Director and resident genius Andy Barrow appears as both Capulet, a pot-bellied Black Country rocker, and a bandana-sporting, sneering Tybalt. At one point he is called upon to argue with himself behind the bar of the Capulets’ Cavern of Rock – just one of the many highlights that exhibit the man’s comic superpowers. This is also the first time I’ve heard a rendition of ‘Black Betty’ in a Shakespeare production. Barrow is generous is sharing the laughs out among the rest of his cast of six, a group that comprises familiar faces and new recruits.
Returning favourites include Rebecca Little as the Nurse – another of her remarkable characterisations, distilling the essence of the Shakespearean model and blending it with Oddsocks energy. It is remarkable how the moment can turn, and knockabout antics suddenly become heartfelt. I’ve said it before, many times, this is what Oddsocks does so brilliantly: giving us a lot of fun but remaining true to the spirit of the play. Every now and then Shakespeare asserts himself and the drama comes to the fore. One such moment tonight is the fight between Tybalt and Mercutio (Alexander Bean). It’s all fun and games until someone loses a kinsman. Cartoon, slapstick violence is suddenly deadly serious. Kudos to fight director Ian Stapleton!

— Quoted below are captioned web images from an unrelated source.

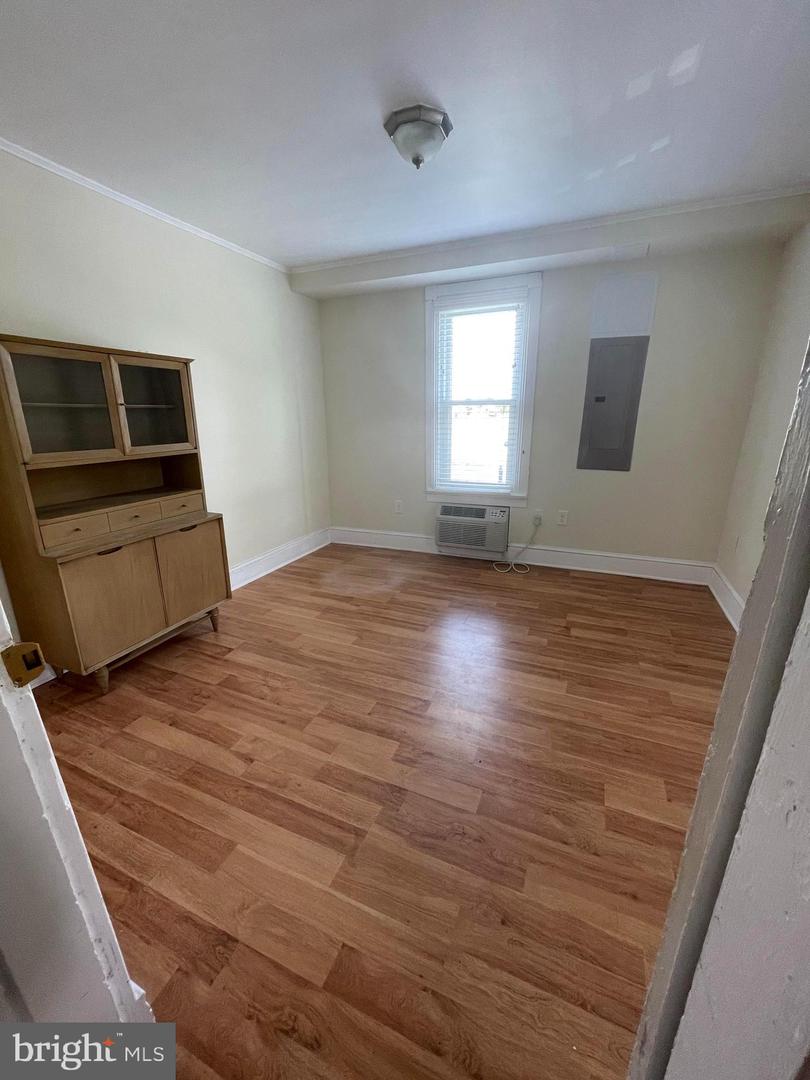 125 Wilder Ave #5c Property Photo 2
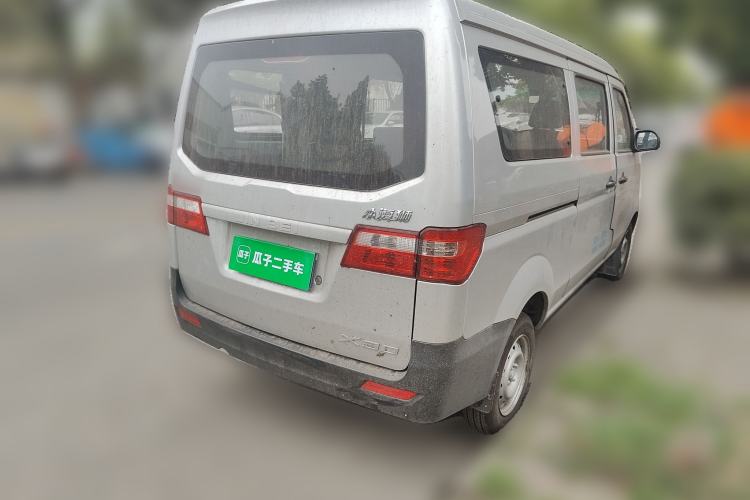 Used Jinbei Hiace X30 2024 1.5L Champion Edition Passenger Vehicle 5/6/7 Seats Rear Right 45 Deg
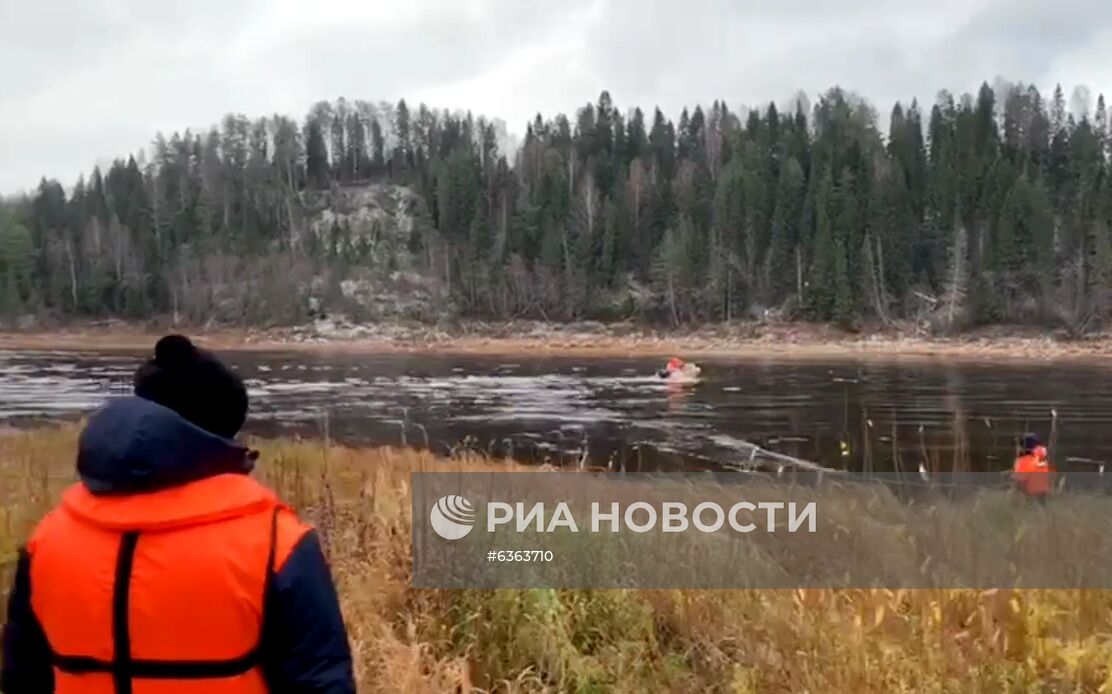 Под Вологдой в реке Сухоне нашли части потерпевшего крушение вертолета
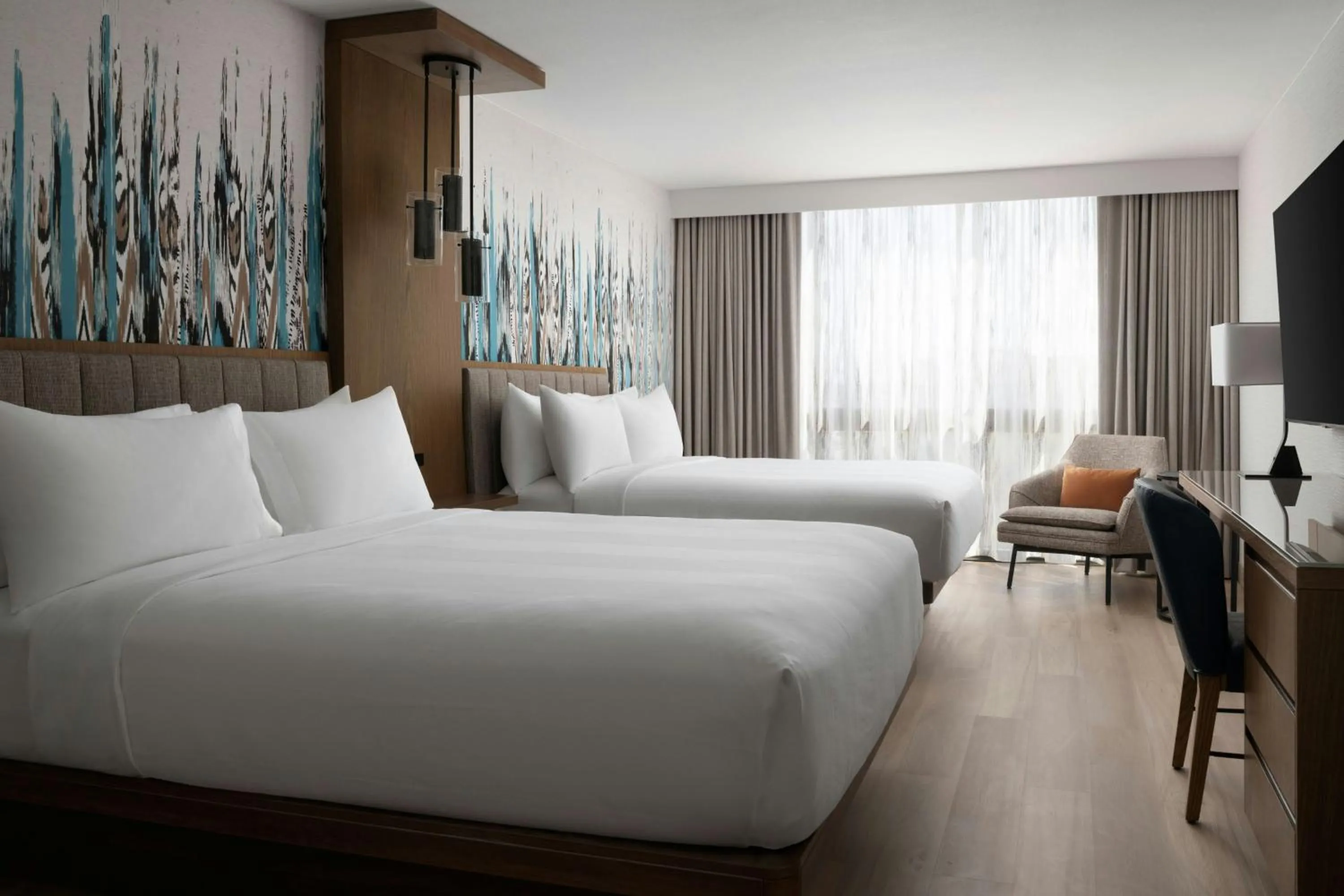 Photo of the whole room, Bed in Albuquerque Marriott Pyramid North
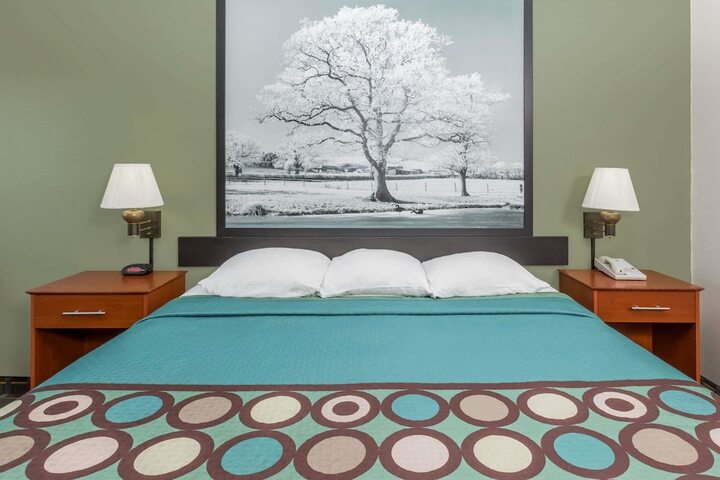 Room 14 of 20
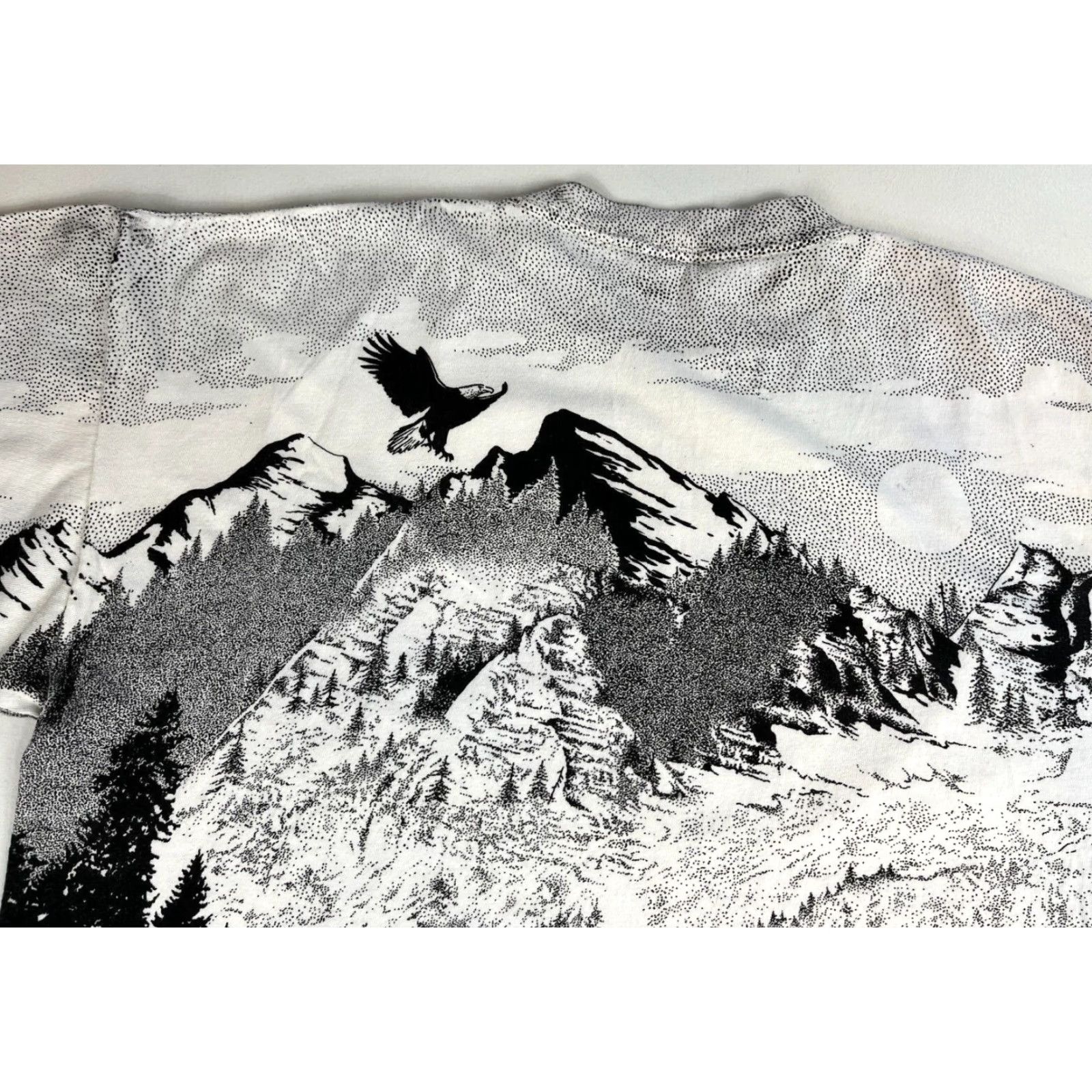Vintage VINTAGE Summer Fun Men's T-Shirt Mountain Wildlife Allover Print Sz L Size US L / EU 52-54 / 3 - 3 Thumbnail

Also back for more is the marvellous Gavin Harrison as Benvolio, in parka and pork pie hat, and ‘Jimmy Paris’ a Rockstar guitarist. Harrison is fast becoming a fixture in this company – they’d be hard pressed to find anyone to better him.
Newcomer Alexander Bean’s Mercutio surprises us with the sudden beauty of the Queen Mab speech, and his West Indian Friar Laurence is a deadpan delight. The rhythms of Shakespeare’s verse fits many accents – Oddsocks certainly puts that to the test!
Also new are the eponymous lovers. Pippa Lewis’s rock chick Juliet is wonderfully immature and, unbelievably, credible! She also plays a mean saxophone. Good-looking Matthew Burns is a great find as Romeo, moody, volatile and very funny.
This tight ensemble all play instruments and sing. Oddsocks productions of late have become musicals, interpolating hits of yesteryear (and sometimes of the present day!) into the action. The choices are always spot on. And never more than at the end, when the stage is littered with bodies and Benvolio leads a rendition of ‘Enjoy Yourself, it’s later than you think’.
Bloody bonkers and bloody brilliant.